I wrote an essay about Google when I was an undergraduate student in 2013 and found it still refreshing which is easy to digest for general users. This is why I still dared to share my essay eventhough it has already been 7 years since then. No matter how long it had passed, I still believe that the knowledge is still useful with the disadvantage that it had already advanced today.
Google history is when 2 Ph.D student from Stanford University named Larry Page and Sergey Binn to make an efficient search engine that gave users relevant links in response to search requests. As a search engine is still Google’s core purpose but Google also provides variety of application, range from email service up to document storage (Jonathan Strickland, 2013).
Because of Google and other search engines, The Internet is place to search for information from anywhere, instantly and anytime with low cost. Without these search engines it would be practically impossible to find the information you need when you browse the Web. Like other search engines Google uses a special algorithm. Although its specific algorithm is company secret, Google gave out a general fact. Like other search engines, Google uses an automated program called spiders or crawlers. Google has a large index of keywords but what distinguish Google from other search engines is Google ranks it’s search result well. Google uses a trademarked algorithm called PageRank, which assigns each Web page a relevancy score.

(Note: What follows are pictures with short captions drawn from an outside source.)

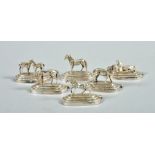 A set of six early 20c Continental silver menu card holders depicting horses, each approximately 1.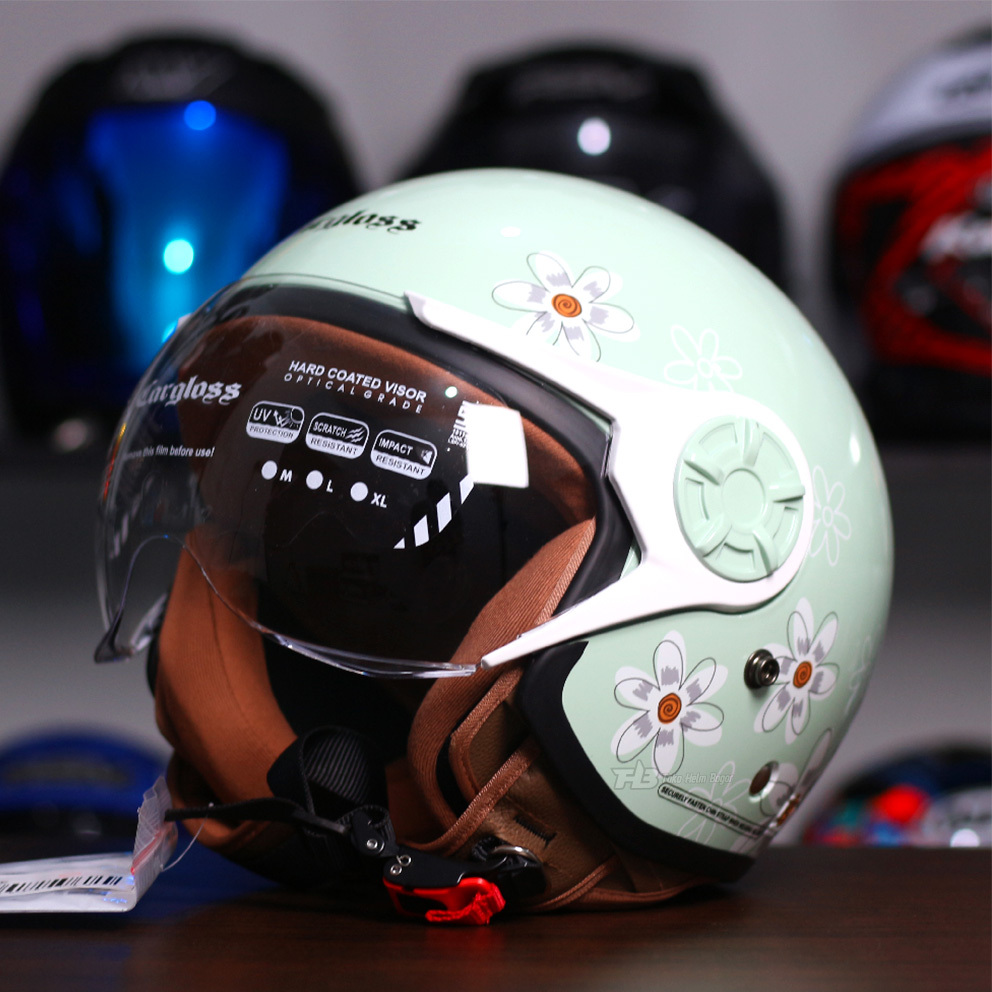 CARGLOSS HELM HIJAB YRH | FLOWER SAGE GREEN | HELM RETRO HIJAB MOTIF | HELM CARGLOSS ORIGINAL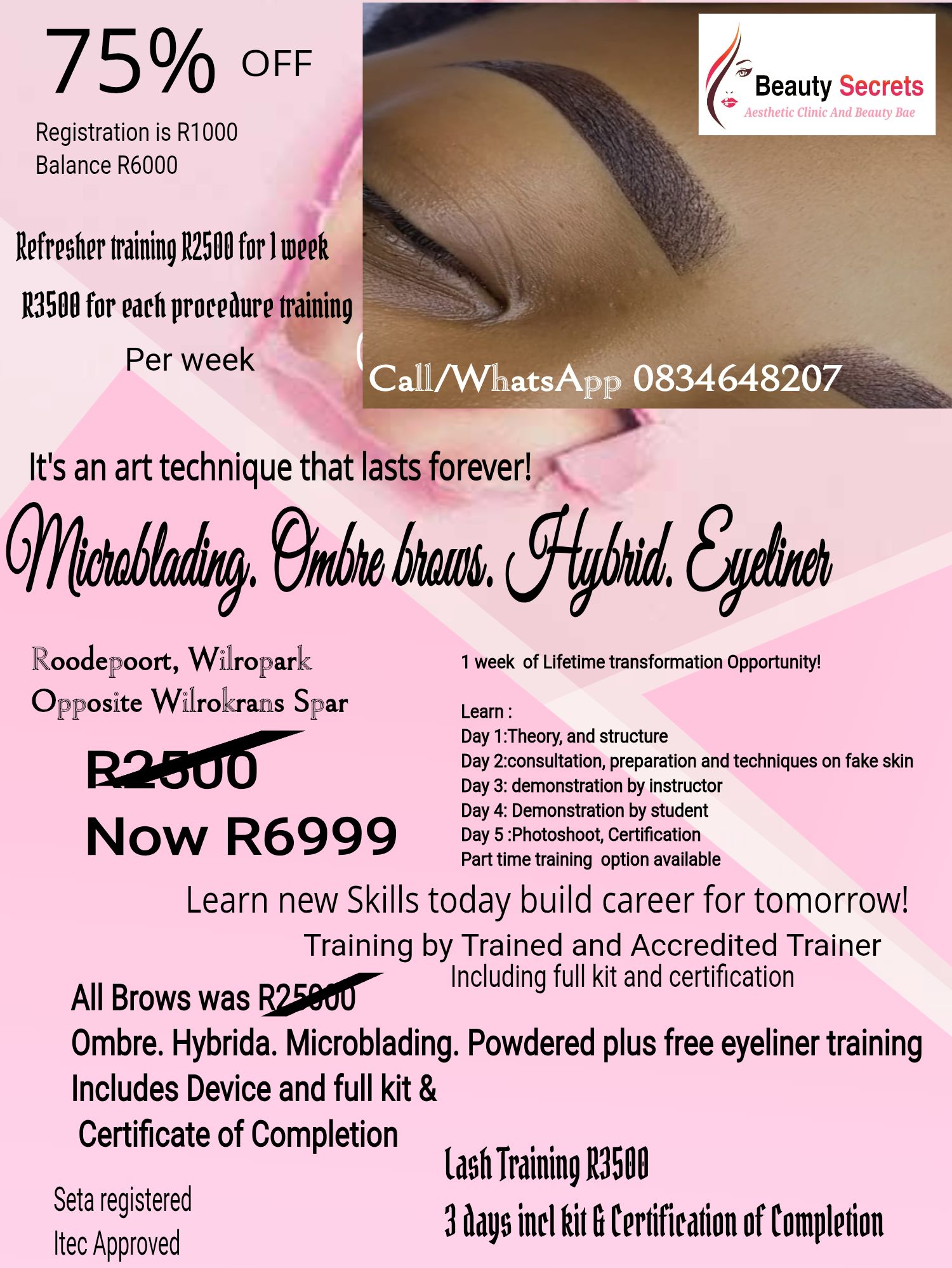 Brows. Skin & Lashes Expert Facebook ad: New Skills Today, New Career tomorrow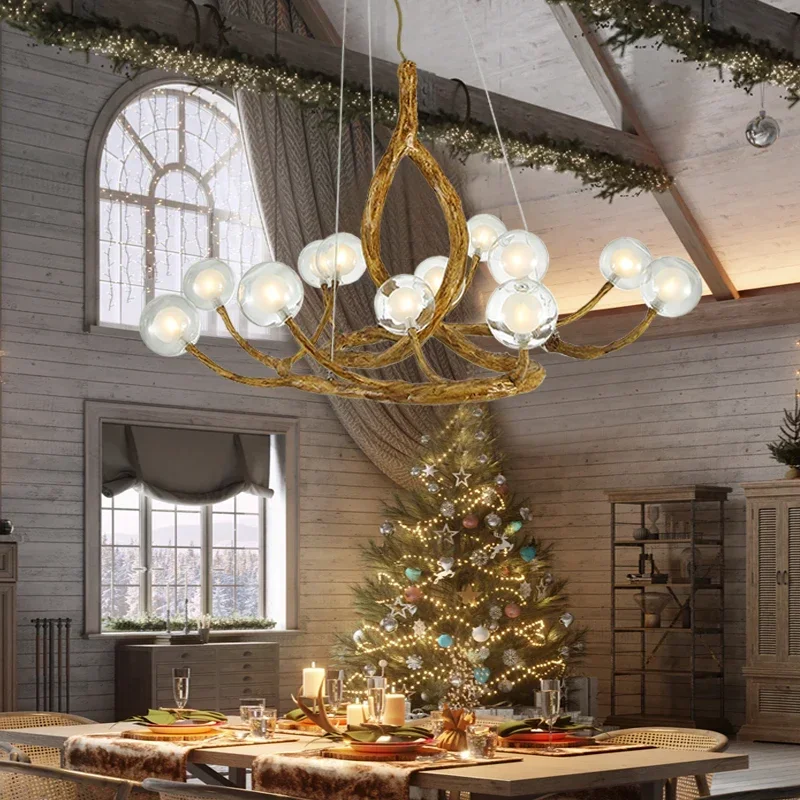 Retro Tree Branch Chandelier LED Resin Chandelier With Glass Bubble For Living Room Restaurant Vintage Dining Table Hanging Lamp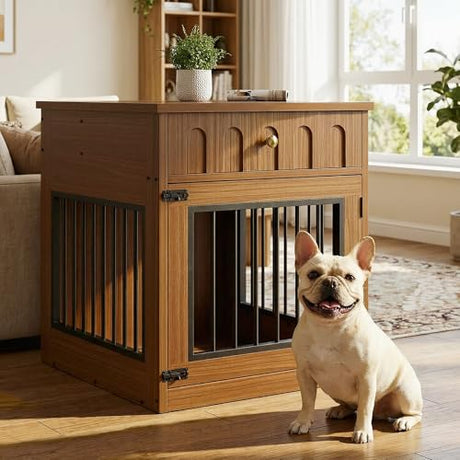 IRONCK Dog Crate Furniture, Wooden Dog Crate with Drawer and Flip-Top Storage, Indoor Dog House End Table for Small Breeds, for Living Room, Bedroom, Walnut IRONCK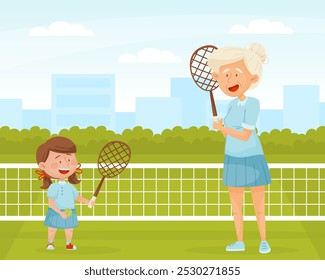 Senior Woman Character Play Badminton with Little Granddaughter Vector Illustration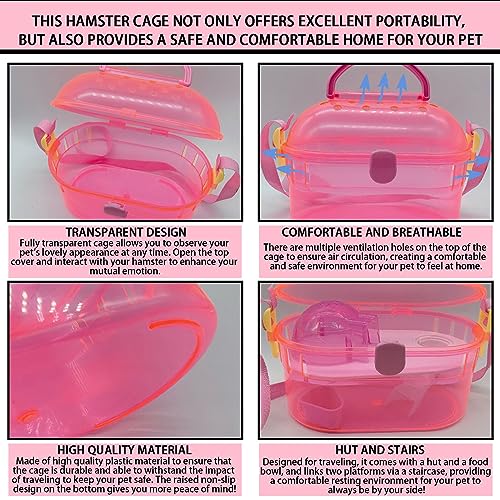 kathson Portable Hamster Cage Dwarf Hamster Carry Case Syrian Hamster Carry Travel Cage with House Food Bowl Adjustable Strap Pet Outgoing Cages Carrier for Small Hamster Young Guinea Pig Pink - color: Pink | Hamster Carriers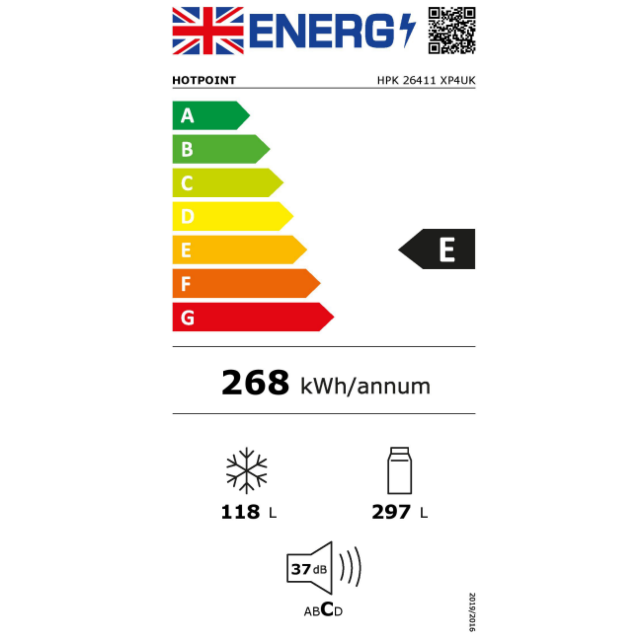 Hotpoint HPK26411XP4UK/M 60cm 70/30 Dual No Frost Fridge Freezer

A Web page's PageRank depends on a few factors (Jonathan Strickland, 2013):
- The frequency and location of keywords within the Web page: If the keyword only appears once within the body of a page, it will receive a low score for that keyword.
- How long the Web page has existed: People create new Web pages every day, and not all of them stick around for long. Google places more value on pages with an established history.
- The number of other Web pages that link to the page in question: Google looks at how many Web pages link to a particular site to determine its relevance.
Spider bots are in charge of listed above, it travels to many sites and continues to other sites through the link that’s found on that site. When you enter keywords in Google the search engine refers to its database and displays the results. The most relevant results are at top list.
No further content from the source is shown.